Budget Limiting - TrueFoundry Docs

Budget limiting helps you control spending on LLM workloads by setting cost boundaries per team, user, model, or virtual account. You can automatically block requests when limits are exceeded, or run in audit mode to monitor spending before enforcing hard limits.

How Budget Limiting Works

Budget limiting consists of an ordered list of rules. Each rule defines which requests it applies to and how much they can spend.
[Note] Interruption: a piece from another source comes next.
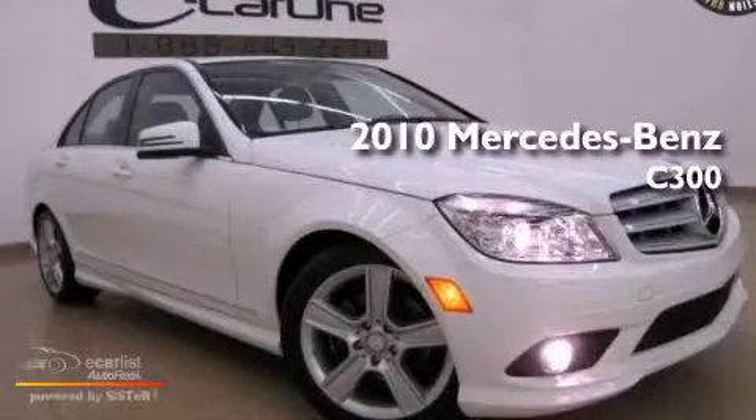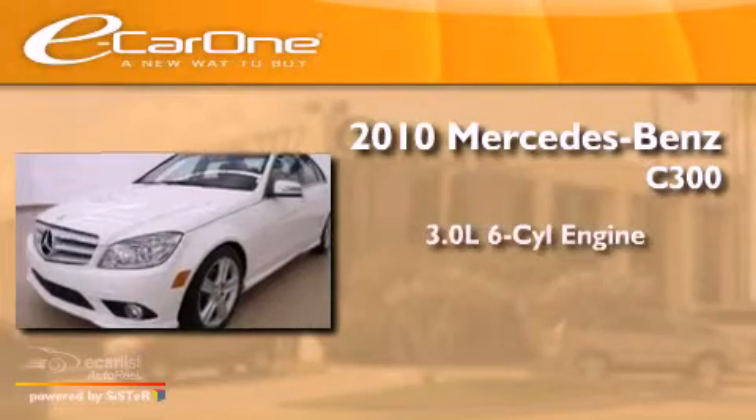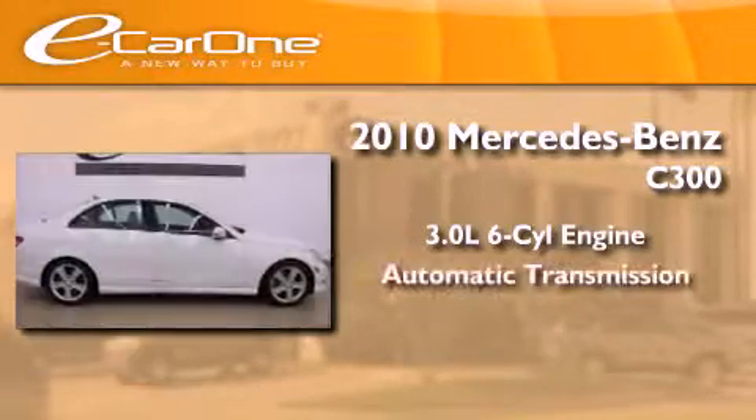This is a 2010 Mercedes-Benz C300. It features a 3.0-liter six-cylinder engine and an automatic transmission.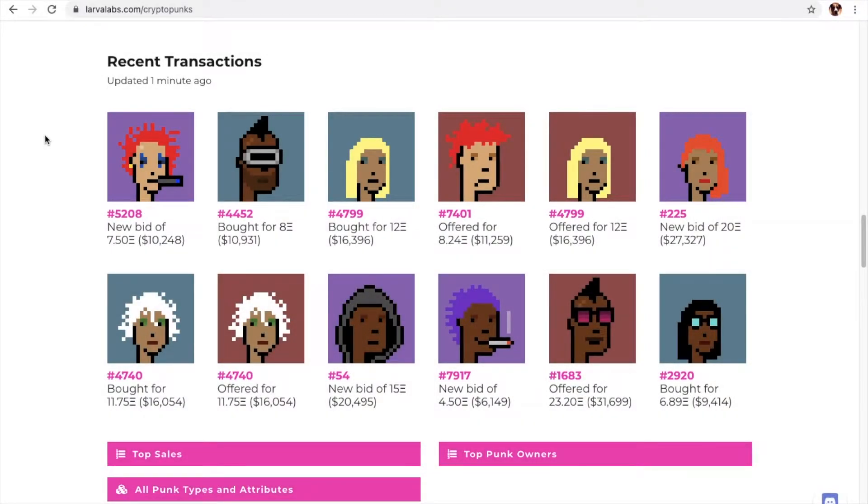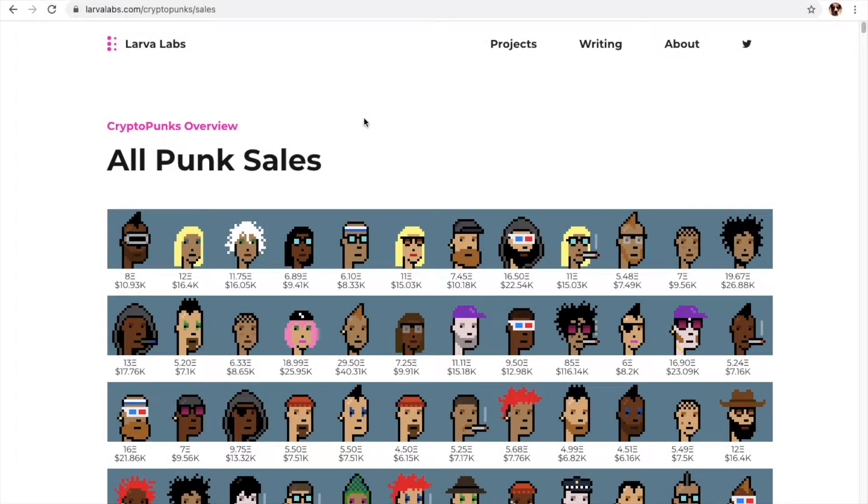These are our recent transactions. We have a few bids, a few bought, and some offered. We have a few red hairs, we got some orange hair, and we have some white hair. These are all our punk sales.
When a request comes in, the gateway evaluates it against the rules from top to bottom. Two things happen during evaluation:

Budget tracking for all matching rules. If a request matches multiple rules, the cost is counted against every matching rule.
The first matching rule controls allow/block. The first rule whose conditions match the request decides whether it goes through or is rejected.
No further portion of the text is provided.